Érico Veríssimo: ‘a reforma mais urgente é a do caráter’ (foto: divulgação / Companhia das Letras)

 

Todo começo de governo é a mesma coisa. Vêm à baila as reformas. É reforma política, reforma econômica, reforma trabalhista, reforma social, reforma fiscal. Tudo balela, para ganhar tempo e enganar a patuleia. No Brasil, todo mundo fala em reformas, mas ninguém as quer de verdade. Sabe quando se fará reforma no Brasil, leitor? Mas reforma-reforma mesmo, para beneficiar a população? Nunca. Político não faz reforma. Administrador, menos ainda. Só se lhes trouxer benefício pessoal. Pois o tema está novamente na ordem do dia. Aliás, sempre esteve e sempre estará. Sem nenhum resultado real, como se verá.

Aí, uma vez mais, lembro-me do grande Érico Veríssimo, pai do Luís Fernando e uma das figuras maiúsculas deste país, que muita falta nos faz.

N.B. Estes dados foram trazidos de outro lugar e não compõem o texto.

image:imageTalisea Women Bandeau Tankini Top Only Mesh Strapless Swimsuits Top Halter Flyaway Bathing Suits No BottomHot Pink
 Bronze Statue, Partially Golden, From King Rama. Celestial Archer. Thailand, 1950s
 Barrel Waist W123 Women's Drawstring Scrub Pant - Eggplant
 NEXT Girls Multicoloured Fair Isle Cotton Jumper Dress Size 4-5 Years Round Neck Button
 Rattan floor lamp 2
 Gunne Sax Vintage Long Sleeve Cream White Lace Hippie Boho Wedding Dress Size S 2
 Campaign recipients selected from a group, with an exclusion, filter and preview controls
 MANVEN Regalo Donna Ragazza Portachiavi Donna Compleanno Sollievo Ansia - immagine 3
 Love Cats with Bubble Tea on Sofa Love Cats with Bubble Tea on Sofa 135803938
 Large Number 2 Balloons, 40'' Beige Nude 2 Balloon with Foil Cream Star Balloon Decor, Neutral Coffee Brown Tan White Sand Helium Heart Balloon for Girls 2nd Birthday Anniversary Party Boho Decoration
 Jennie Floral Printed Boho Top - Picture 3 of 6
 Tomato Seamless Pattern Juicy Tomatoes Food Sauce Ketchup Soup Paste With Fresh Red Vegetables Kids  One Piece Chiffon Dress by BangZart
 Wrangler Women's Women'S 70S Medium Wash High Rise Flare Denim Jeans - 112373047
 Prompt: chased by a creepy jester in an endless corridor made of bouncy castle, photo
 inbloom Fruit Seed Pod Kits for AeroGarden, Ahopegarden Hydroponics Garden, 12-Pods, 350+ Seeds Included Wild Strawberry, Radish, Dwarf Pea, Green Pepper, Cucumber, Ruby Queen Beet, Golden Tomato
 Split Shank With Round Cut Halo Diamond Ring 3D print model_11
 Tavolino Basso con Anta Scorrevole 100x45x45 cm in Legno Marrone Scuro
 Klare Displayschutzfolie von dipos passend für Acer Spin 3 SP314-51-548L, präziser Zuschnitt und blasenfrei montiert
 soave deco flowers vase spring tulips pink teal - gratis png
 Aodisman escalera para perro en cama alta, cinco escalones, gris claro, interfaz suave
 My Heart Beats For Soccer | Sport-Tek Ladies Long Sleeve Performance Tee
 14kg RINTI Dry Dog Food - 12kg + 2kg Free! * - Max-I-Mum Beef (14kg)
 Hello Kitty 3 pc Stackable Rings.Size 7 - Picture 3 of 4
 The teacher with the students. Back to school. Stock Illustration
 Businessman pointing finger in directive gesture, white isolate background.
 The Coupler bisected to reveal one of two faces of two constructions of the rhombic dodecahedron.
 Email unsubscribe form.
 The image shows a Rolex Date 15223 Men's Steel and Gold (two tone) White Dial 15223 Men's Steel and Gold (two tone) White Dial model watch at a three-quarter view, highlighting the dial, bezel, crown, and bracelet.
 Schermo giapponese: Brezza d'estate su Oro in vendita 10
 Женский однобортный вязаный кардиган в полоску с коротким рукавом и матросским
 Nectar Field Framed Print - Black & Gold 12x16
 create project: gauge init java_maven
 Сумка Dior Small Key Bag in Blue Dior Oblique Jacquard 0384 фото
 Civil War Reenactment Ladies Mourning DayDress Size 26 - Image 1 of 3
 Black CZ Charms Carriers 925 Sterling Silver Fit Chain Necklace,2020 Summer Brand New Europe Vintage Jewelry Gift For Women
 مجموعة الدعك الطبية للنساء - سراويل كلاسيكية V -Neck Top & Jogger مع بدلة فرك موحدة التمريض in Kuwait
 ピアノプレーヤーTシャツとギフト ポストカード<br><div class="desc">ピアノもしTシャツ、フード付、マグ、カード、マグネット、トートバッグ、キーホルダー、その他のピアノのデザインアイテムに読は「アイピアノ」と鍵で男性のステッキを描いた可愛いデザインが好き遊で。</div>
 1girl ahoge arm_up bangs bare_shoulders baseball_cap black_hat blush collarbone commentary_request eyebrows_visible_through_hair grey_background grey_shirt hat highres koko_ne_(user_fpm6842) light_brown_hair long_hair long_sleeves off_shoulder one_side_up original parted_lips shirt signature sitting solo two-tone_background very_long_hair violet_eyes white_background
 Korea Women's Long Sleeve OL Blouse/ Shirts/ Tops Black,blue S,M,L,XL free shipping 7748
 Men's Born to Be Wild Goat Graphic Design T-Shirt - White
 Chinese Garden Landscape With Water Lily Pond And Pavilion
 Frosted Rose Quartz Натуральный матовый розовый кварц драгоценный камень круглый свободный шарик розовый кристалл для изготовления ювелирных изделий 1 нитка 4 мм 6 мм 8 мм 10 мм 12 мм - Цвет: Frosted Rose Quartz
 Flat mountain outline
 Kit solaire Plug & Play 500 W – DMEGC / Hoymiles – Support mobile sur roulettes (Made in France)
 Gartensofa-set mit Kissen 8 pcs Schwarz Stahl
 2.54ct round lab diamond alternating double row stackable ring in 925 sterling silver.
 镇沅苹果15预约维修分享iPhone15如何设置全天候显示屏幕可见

Érico não foi só um escritor. Ou “um contador de estórias, fascinado pelas pessoas e pelos problemas humanos” – como se autodefinia. Ele era isso e muito mais. Érico Veríssimo foi, sobretudo, um humanista. Jamais transformou seus romances em panfletos políticos, mas poucos intelectuais foram capazes, como ele, de se manifestar publicamente, com tanta firmeza e intransigência, contra os desmandos dos poderosos. A supressão das liberdades, a institucionalização da mentira e da violência política e a repressão aos dissidentes sempre lhe causaram repugnância. Aliás, em vida, confessava ter apenas um medo: o de perder a capacidade de indignação e cair na aceitação, que julgava perniciosa para a vida em sociedade.

Dizia: — Não quero ser indiferente. Dentro de mim ouço sempre meu grito de indignação. Quando choro pelo outro, estou chorando por mim. Quando tenho receio pelo outro, tenho também por mim. Não sou santo, sou homem.

Modestamente, tenho procurado mirar-me em Érico. Como pessoa e como crítico do cotidiano. Aprendi com ele – que foi capaz de desagradar, ao mesmo tempo, a direita, a esquerda, a igreja e os poderosos de plantão – que é sempre necessário expor publicamente as mazelas e a hipocrisia das classes dominantes, preocupadas, pobrezinhas!, em manter o poder e o lucro; do mesmo modo que personagens esquerdistas são, em regra, apenas tristes criaturas, retorcidas e complicadas demais para servirem de vetores para um mundo novo. Prova disso tem-se quando conseguem alcançar certo destaque na vida político-administrativa do país.

— O mundo capitalista está podre – acentuava Érico, acrescentando, no mesmo tom: “Mas o mundo bolchevista, que nasceu em meio a tantas promessas e esperanças, também já se deteriorou”. Coisas tão atuais, ditas por Érico Veríssimo há mais de sessenta anos.

E as tais reformas, apregoadas, anos a fio, por reiterados governos, inclusive pelo atual? O diagnóstico do escritor é perfeito:

“As reformas são necessárias, mas só solucionarão os nossos problemas econômicos e sociais se forem planificadas e realizadas a sério, por gente competente e honesta. Quanto à reforma básica mais urgente, a meu ver, é a reforma do caráter. Isso não é apenas uma frase. Ora, como não acredito em milagres, acho que, com essa gente que até hoje nos tem governado, não é possível reformar nada a não ser promissórias. A reforma agrária é, em princípio, um imperativo de ordem moral. Mas não conseguiremos nada nesse terreno sem a uma planificação bem feita. Pouco, nada mesmo, adiantaria ao homem do campo ter uma terra em seu nome se ele correr o risco de morrer de fome em cima dela. Claro que é preciso começar, e o melhor momento é reconhecer a necessidade dessa reforma, votar uma lei que a legitime e a torne mandatória e ir estudando os meios de pô-la em prática, mas sem açodamento, sem ódios políticos e ideologias e sem perder de vista o fato de querermos resolver um grande problema e não criar outros… É uma tarefa para homens de capacidade técnica e administrativa, e não para demagogos. Mas apenas a reforma agrária não solucionará nossos problemas. Temos que acabar com a ‘espoliação por causas internas’, como o empreguismo, a roubalheira pura e simples, a malversação dos fundos públicos, o desgoverno, os contratos lesivos à nação, feitos em benefício de grupos econômicos. Se há uma hemorragia externa que nos debilita, a hemorragia interna não é melhor. […] Enquanto, porém, tivermos no governo homens de negócios e não estadistas, não vejo nenhuma esperança de melhores dias para a economia nacional”.

Sabe, o prezado leitor, quando o sábio Érico Veríssimo disse isto? Em meados de 1963…

 

Célio Heitor Guimarães é jornalista e consultor jurídico aposentado.